REQUIRED ACTION: Among the entries below, one stretch runs from the line that contains "Vivek Adani, Ljusdesigner" through the line that contains "10 players in". Repeat that stretch exactly, ends included, and only that.
[Opening DATA SUPPLIED section]
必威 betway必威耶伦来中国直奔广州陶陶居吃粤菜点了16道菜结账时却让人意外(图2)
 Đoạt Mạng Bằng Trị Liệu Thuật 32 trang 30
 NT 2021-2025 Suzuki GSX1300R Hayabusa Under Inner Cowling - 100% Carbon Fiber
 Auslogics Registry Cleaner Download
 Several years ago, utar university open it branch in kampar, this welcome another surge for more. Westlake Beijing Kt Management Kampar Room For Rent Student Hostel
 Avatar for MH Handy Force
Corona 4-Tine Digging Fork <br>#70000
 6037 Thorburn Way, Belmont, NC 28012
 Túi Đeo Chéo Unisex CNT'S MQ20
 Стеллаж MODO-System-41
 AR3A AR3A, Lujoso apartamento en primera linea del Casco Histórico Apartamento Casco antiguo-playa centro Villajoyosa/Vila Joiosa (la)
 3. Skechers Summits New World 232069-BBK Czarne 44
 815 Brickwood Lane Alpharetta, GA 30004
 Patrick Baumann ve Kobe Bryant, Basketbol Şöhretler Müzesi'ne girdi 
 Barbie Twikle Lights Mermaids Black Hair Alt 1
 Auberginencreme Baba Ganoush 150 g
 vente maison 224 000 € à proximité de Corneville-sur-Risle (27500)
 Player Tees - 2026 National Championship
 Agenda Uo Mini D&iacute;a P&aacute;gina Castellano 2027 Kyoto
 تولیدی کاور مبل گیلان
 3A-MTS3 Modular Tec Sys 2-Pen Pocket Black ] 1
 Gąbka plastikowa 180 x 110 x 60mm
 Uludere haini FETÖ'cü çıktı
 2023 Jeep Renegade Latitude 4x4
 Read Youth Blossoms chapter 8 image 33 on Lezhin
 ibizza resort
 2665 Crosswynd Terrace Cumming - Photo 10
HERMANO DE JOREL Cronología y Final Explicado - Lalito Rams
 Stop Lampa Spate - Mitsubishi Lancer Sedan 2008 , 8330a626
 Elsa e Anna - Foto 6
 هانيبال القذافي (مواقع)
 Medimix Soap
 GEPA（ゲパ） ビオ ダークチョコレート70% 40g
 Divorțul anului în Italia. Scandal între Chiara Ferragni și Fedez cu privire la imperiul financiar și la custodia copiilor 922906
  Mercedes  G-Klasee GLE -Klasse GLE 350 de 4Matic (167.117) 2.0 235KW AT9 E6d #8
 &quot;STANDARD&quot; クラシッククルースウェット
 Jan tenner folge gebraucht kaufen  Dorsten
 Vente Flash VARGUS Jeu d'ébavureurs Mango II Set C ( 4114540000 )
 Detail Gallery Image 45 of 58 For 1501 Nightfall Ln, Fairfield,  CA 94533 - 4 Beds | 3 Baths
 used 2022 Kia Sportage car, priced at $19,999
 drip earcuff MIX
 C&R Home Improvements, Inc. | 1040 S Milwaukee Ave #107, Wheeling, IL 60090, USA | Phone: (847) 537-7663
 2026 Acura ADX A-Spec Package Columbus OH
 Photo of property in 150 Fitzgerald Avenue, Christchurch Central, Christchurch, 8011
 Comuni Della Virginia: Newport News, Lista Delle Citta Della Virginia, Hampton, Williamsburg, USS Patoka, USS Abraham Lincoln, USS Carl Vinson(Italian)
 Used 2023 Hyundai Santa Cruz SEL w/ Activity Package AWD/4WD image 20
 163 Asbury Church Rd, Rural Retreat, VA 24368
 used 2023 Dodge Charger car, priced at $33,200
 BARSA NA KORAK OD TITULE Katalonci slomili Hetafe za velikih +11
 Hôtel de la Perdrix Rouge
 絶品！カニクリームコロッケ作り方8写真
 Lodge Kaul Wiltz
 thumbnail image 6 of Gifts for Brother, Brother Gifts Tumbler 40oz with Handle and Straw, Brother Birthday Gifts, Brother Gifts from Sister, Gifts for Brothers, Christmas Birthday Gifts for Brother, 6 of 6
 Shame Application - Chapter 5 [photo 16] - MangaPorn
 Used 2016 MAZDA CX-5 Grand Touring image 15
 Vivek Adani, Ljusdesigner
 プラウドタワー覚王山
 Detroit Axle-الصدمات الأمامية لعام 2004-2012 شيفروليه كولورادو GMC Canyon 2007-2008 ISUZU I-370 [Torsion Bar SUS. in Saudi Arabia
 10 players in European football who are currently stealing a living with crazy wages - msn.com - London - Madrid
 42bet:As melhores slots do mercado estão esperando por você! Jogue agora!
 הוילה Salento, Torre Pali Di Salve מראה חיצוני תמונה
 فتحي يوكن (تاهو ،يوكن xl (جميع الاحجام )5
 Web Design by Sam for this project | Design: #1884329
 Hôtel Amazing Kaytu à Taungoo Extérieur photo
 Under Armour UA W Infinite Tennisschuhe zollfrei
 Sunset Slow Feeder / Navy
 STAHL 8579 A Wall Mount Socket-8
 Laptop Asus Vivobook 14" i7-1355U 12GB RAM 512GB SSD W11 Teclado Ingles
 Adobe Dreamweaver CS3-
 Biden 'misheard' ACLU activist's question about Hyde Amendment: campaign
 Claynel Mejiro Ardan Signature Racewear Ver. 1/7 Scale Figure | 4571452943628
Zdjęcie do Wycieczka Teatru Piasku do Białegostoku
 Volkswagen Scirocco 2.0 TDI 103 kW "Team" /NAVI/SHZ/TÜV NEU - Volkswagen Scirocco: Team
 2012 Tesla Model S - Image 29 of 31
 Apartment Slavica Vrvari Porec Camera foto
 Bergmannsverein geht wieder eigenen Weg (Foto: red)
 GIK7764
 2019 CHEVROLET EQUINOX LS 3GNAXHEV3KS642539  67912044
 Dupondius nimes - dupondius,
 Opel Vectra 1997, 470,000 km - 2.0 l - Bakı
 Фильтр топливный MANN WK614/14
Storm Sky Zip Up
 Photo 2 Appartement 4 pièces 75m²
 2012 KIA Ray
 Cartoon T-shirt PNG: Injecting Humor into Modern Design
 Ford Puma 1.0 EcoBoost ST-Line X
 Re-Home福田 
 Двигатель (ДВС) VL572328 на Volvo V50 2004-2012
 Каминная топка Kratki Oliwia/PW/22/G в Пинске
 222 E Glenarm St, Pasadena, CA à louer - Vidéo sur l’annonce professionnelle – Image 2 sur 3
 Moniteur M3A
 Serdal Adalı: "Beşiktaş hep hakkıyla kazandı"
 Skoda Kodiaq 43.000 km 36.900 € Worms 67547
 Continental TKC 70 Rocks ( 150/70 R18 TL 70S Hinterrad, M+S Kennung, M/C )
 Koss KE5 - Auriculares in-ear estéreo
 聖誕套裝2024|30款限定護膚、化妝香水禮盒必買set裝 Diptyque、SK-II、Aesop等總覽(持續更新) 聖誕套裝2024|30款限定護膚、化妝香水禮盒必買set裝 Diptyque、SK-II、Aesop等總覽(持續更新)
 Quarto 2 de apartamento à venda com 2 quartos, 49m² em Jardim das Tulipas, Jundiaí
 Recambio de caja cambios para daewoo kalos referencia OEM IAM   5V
[Closing DATA SUPPLIED section]
EXPECTED OUTPUT:
 Vivek Adani, Ljusdesigner
 プラウドタワー覚王山
 Detroit Axle-الصدمات الأمامية لعام 2004-2012 شيفروليه كولورادو GMC Canyon 2007-2008 ISUZU I-370 [Torsion Bar SUS. in Saudi Arabia
 10 players in European football who are currently stealing a living with crazy wages - msn.com - London - Madrid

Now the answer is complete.